This case involved complex litigation arising from a joint venture between Chinese nationals (using Taiyuan Company Limited as their vehicle) and Zimbabwean nationals (using Stoat Mining) to invest in various ventures. In 2007, Taiyuan and Hwange Colliery Company Limited entered into a BOOT (Build, Operate, Own and Transfer) agreement for construction of a coke oven and battery. They formed Hwange Coal Gasification Company (Private) Limited as the special purpose vehicle, with shares held 75% by Taiyuan and 25% by Hwange Colliery. The board comprised 5 directors from Taiyuan and 2 from Hwange Colliery. Disputes erupted between the Chinese faction (Guo Feng and Su Longmin - "Samukange faction") and the Zimbabwean faction (Cephas Msipa and Gilbert Chahwanda - "Dzvetero faction"), each claiming to represent the Coal Gasification Company legitimately. Feng and Longmin were suspended and dismissed by the Dzvetero faction. Bank accounts were frozen. Multiple urgent applications were filed by both factions. Hwange Colliery sought to be joined to proceedings, to replace Fred Moyo (who had left Hwange Colliery) as bank signatory, to obtain an anti-dissipation interdict, and to interdict Tendai Savanhu (who had been dismissed from Hwange Colliery) from representing the Coal Gasification Company.

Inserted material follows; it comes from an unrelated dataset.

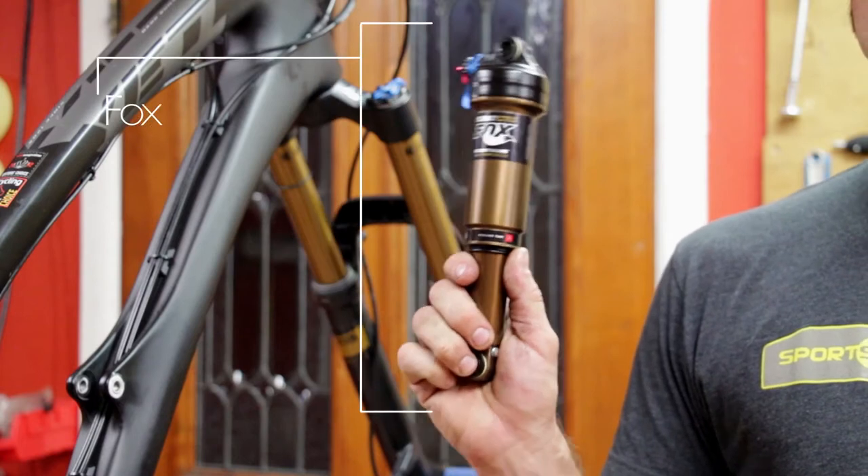Hi, this is James Terry with Rad Service, and today I'm going to show you how to perform the air can service on a Fox Float CTD shock.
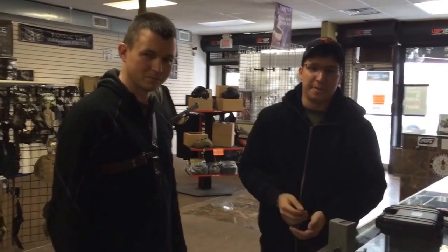Hey guys, today we're here with Jordan from Odin Innovations and they're here to show us their new speed loader. You want to do a demonstration?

1. Hwange Colliery joined as a party to HC 4861/13 and HC 4895/13. 2. The consent order by Dube J amended to replace Fred Moyo with Staford Ndlovu as bank signatory, with the interim signing arrangements applying to all bank accounts. 3. Tendai Savanhu interdicted from representing Hwange Colliery in any capacity. 4. Tendai Savanhu interdicted from attending board meetings, signing documents, or making representations on behalf of Hwange Coal Gasification Company. 5. Application for anti-dissipation interdict dismissed. 6. Each party to bear its own costs.
1. Under Order 13 r 87, the court has wide discretion to join parties who have a direct and substantial interest in proceedings or whose presence is necessary to effectually determine matters in dispute. 2. Where a company's articles provide for the appointment of directors by specific shareholders in a fixed ratio (as opposed to election), the power to appoint includes the power to recall or remove such appointees. 3. Article provisions dealing with retirement by rotation of elected directors do not apply to appointed directors who hold office at the pleasure of their appointing shareholder. 4. An interpretation of articles of association that would leave shareholders without representation on the board contrary to agreed ratios would lead to absurd results and should be rejected. 5. In abnormal circumstances where a company is subject to internal factional disputes, interim protective measures (such as court-supervised signing arrangements) may be appropriate even if they involve some shareholder participation in management.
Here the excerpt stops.